→ Information provided
------------------------
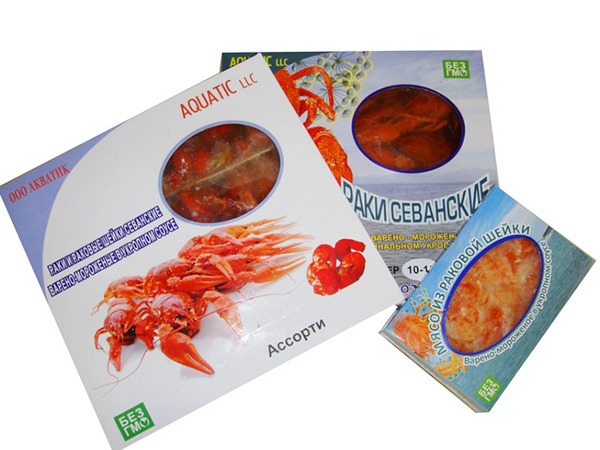 Раки в ассортименте в Орле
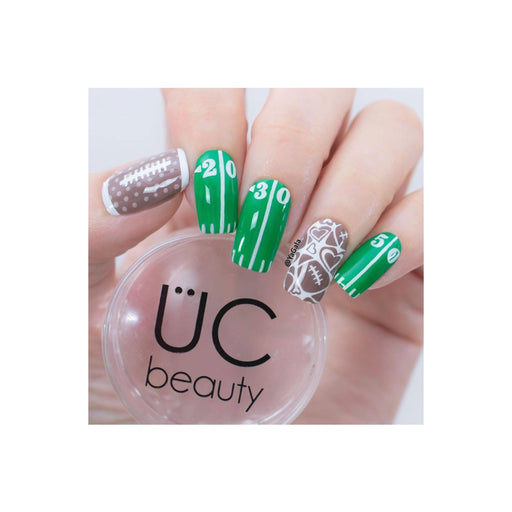 UberChic Beauty Football is Life Stamping Plate Rosy Brown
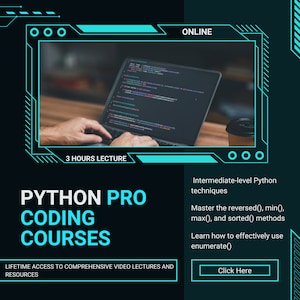 Intermediate Python Programming Course: Video + Ebook Library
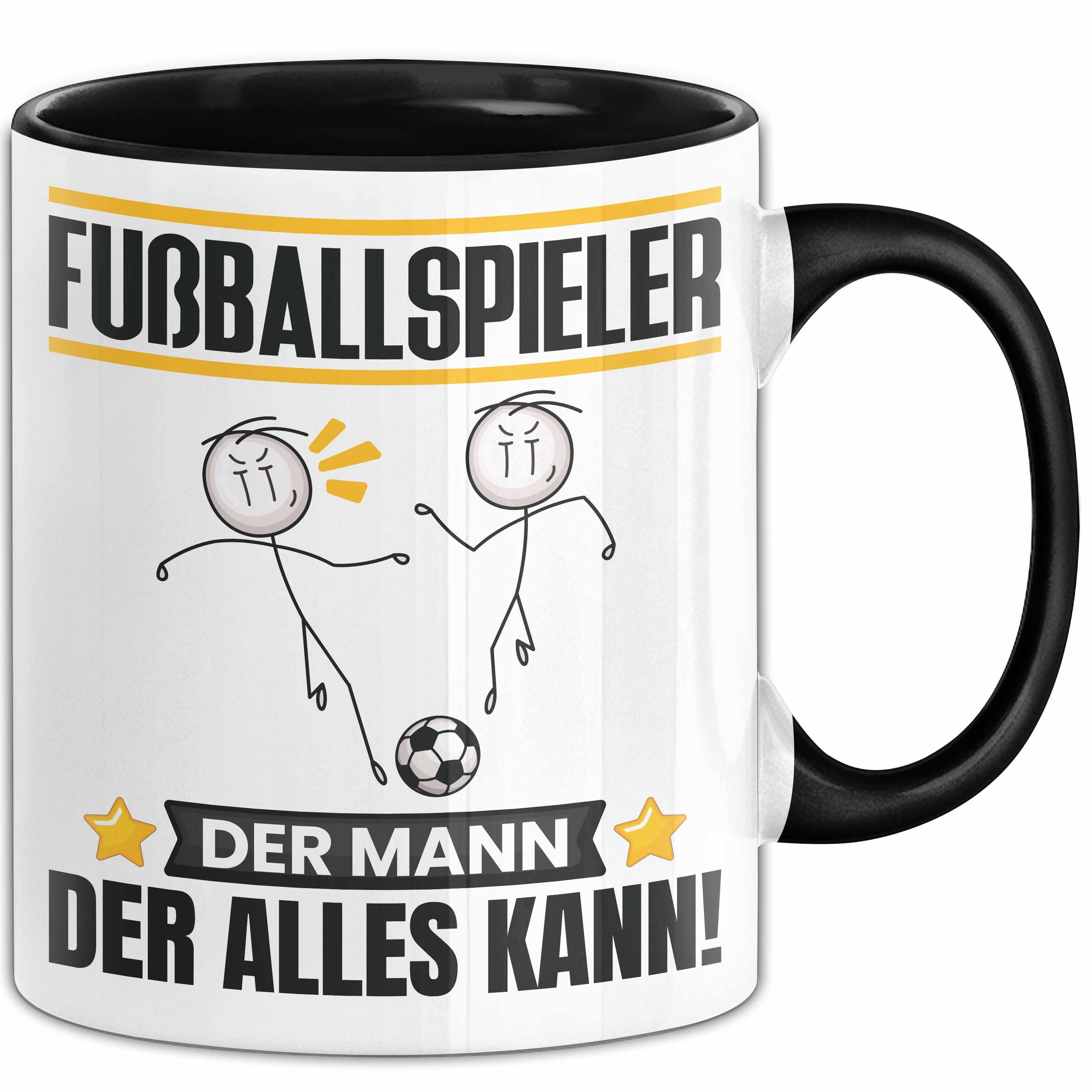 Trendation Tasse Fußballspieler Tasse Geschenk für Fußballspieler Der Mann Der Alles Ka, Keramik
------------------------
→ What you are asked to do
Copy exactly the lines from the line that holds "UberChic Beauty Football" to the end of the listing, both included. Leave the pictures out.

→ Completed exercise
 UberChic Beauty Football is Life Stamping Plate Rosy Brown
 Intermediate Python Programming Course: Video + Ebook Library
 Trendation Tasse Fußballspieler Tasse Geschenk für Fußballspieler Der Mann Der Alles Ka, Keramik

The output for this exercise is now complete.